__Work task__.
Range to repeat from the listing below: the line containing "Image for Little Princess Doody" down to the line containing "VW Golf 35.250", both included. Copy it exactly, pictures excluded, and add nothing else.

__Raw data__.

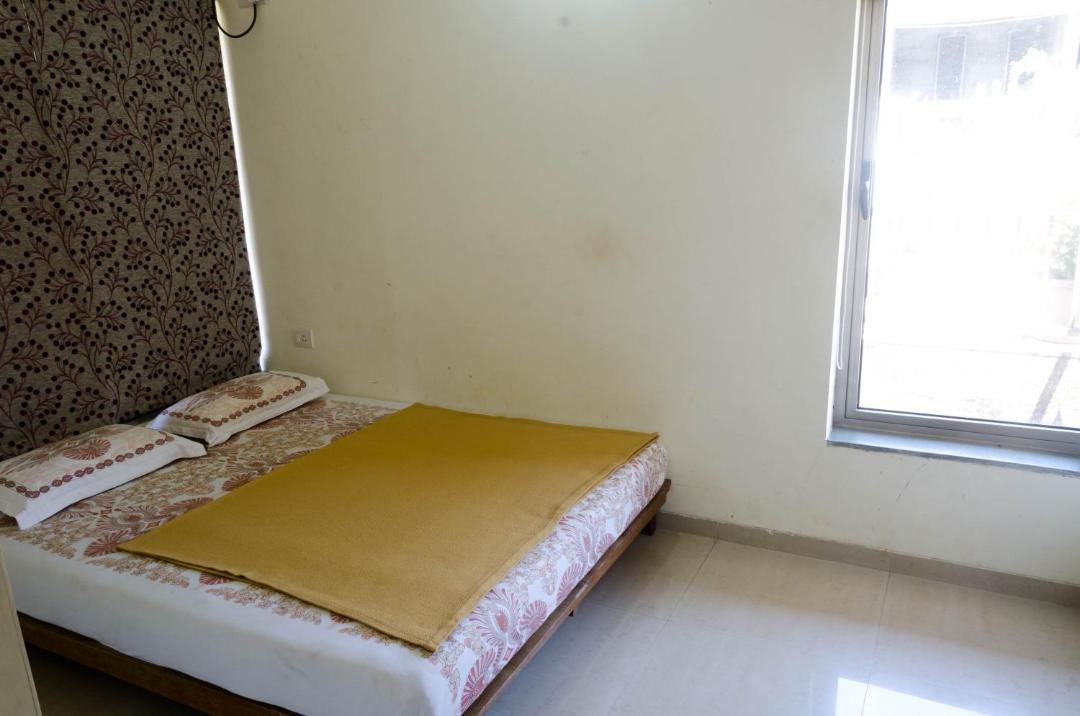Photo of Bedroom in Lavasa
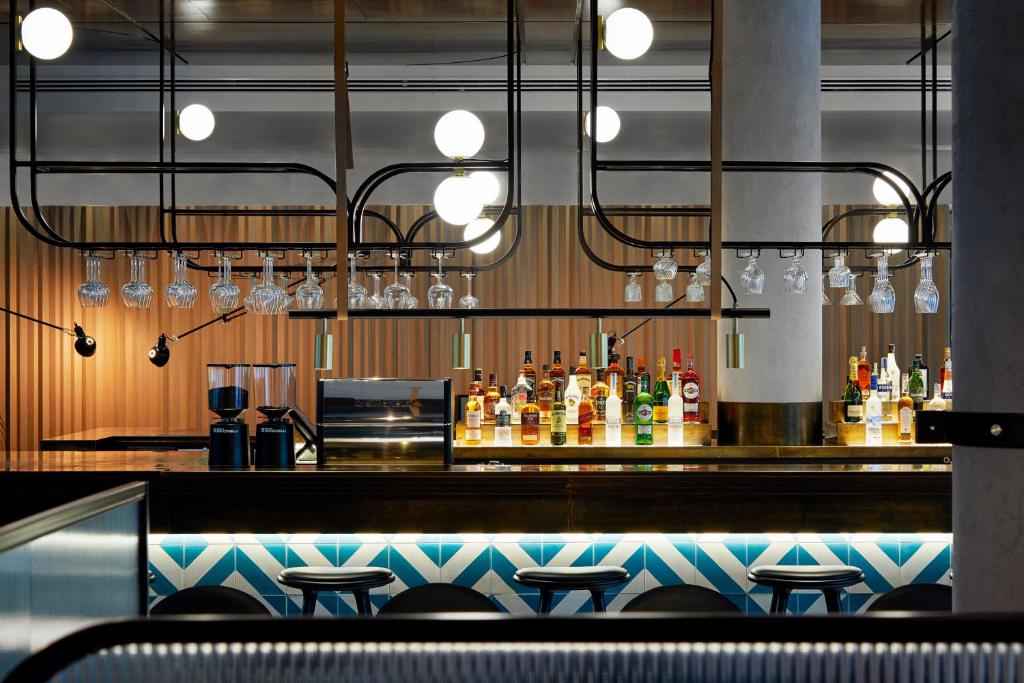 This isn’t your average Eurotrip deal. 4 iconic cities: Prague • Krakow • Budapest • Berlin price starting from just £1199pp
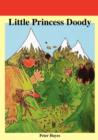Image for Little Princess Doody
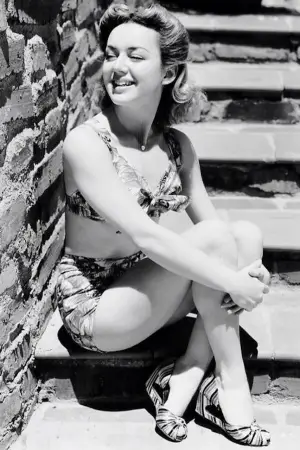 Фото Энн Ширли (Anne Shirley) #346590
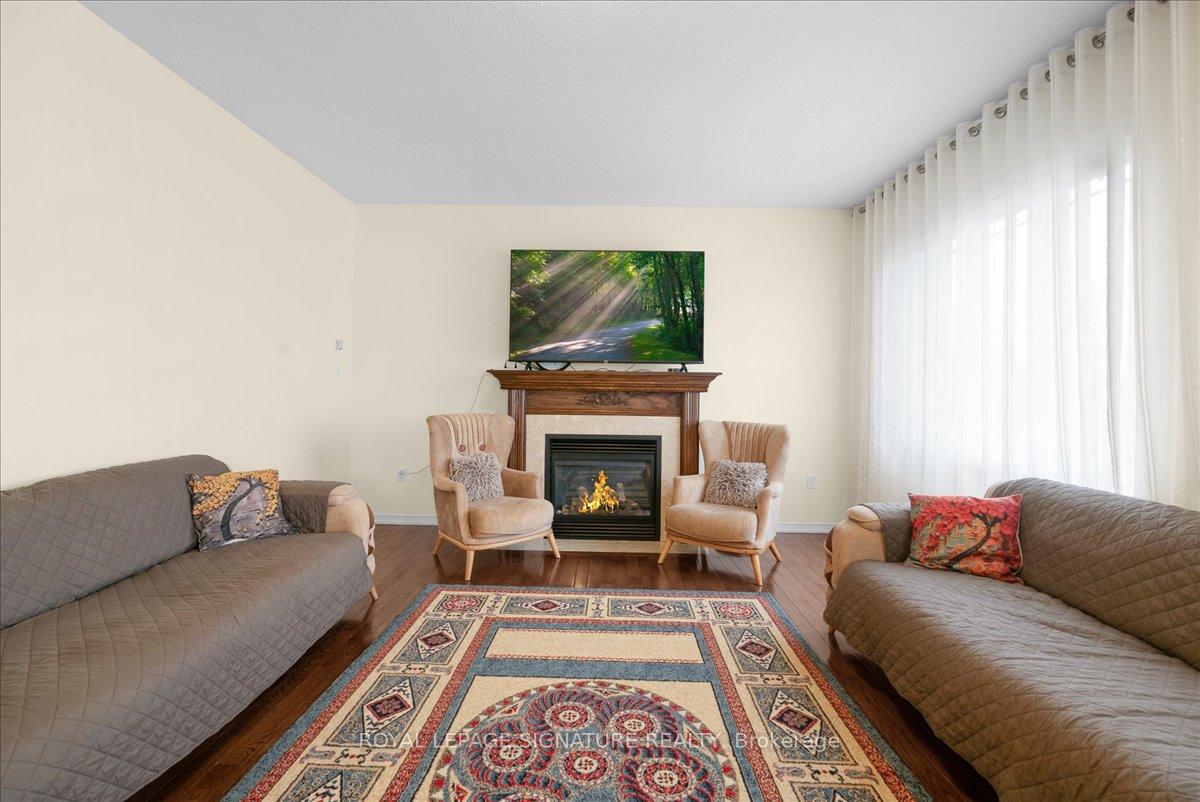 Photo 7 of 2190 Webster Boulevard, Innisfil, Alcona — HOMEH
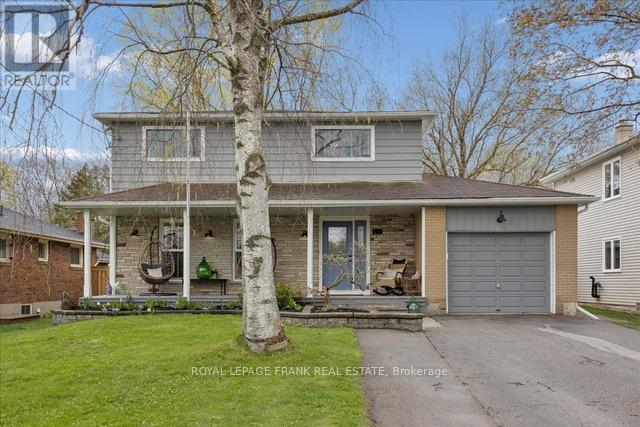 40 BALSAM STREET N - Image 3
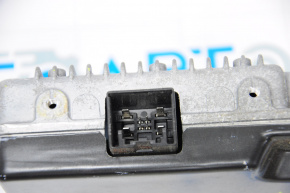 Power Inverter Control Module Dodge Durango 11-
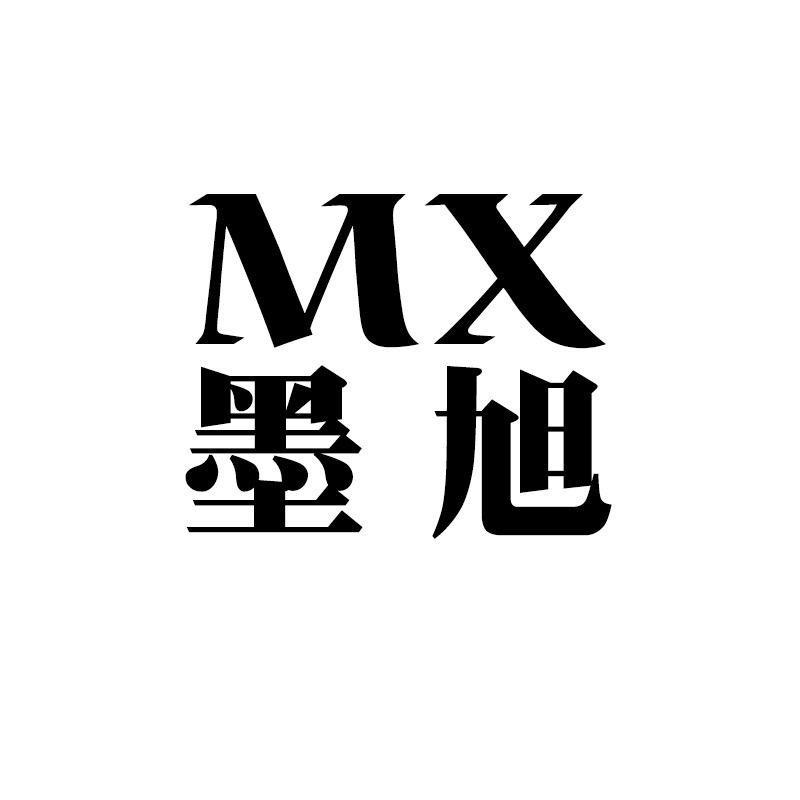 墨旭男鞋严选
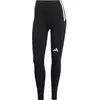 Image de Legging femme adidas Adizero Full Length Noir XL JI5656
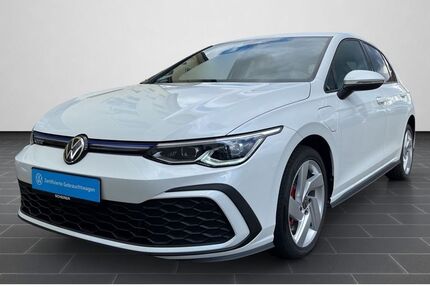 VW Golf 35.250 km 23.790 &euro; Saarbrücken 66121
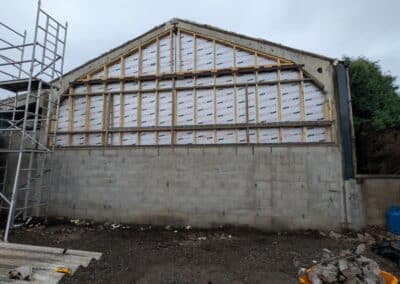 ts cladding facebook gallery 37(1)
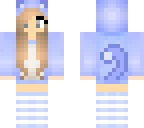kitty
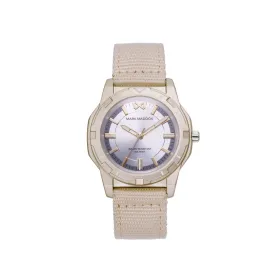 Meeste Kell Mark Maddox MC0103-97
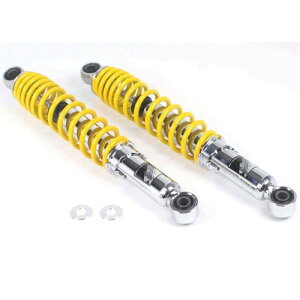 SP(XyVp[c) AVbNAu\[o[ CG[ 06-04-0166 oCN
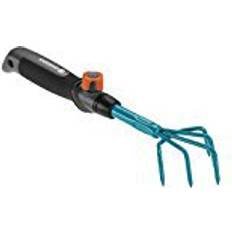 Gardena Combisystem Hand 8923-20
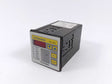 UNI-POWER HPL103A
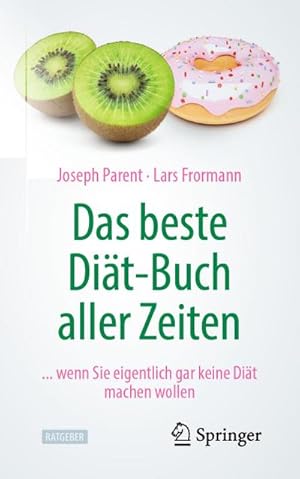 Image du vendeur pour Das beste Dit-Buch aller Zeiten mis en vente par BuchWeltWeit Ludwig Meier e.K.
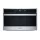 Whirlpool WMD44MX beépíthető mikrohullámú sütő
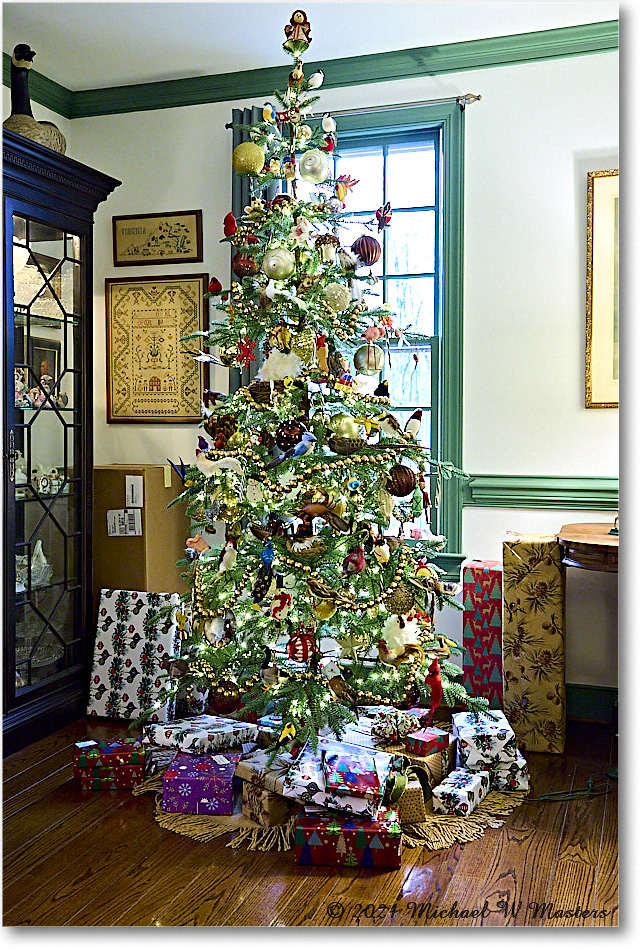 Christmas_2021Dec_R5B06044 copy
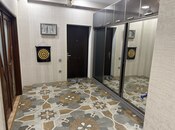 Объявление №5653814 - Баку, м. 28 мая, 3-комн., 120 м², 10/14 этаж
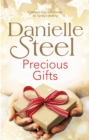 Image for Precious Gifts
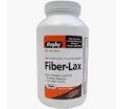 fiber lax capsule..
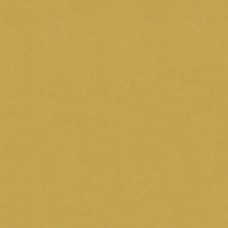 Ткань Kravet fabric 4070.416.0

__Result of this exercise__.
Image for Little Princess Doody
 Фото Энн Ширли (Anne Shirley) #346590
 Photo 7 of 2190 Webster Boulevard, Innisfil, Alcona — HOMEH
 40 BALSAM STREET N - Image 3
 Power Inverter Control Module Dodge Durango 11-
 墨旭男鞋严选
 Image de Legging femme adidas Adizero Full Length Noir XL JI5656
 VW Golf 35.250 km 23.790 &euro; Saarbrücken 66121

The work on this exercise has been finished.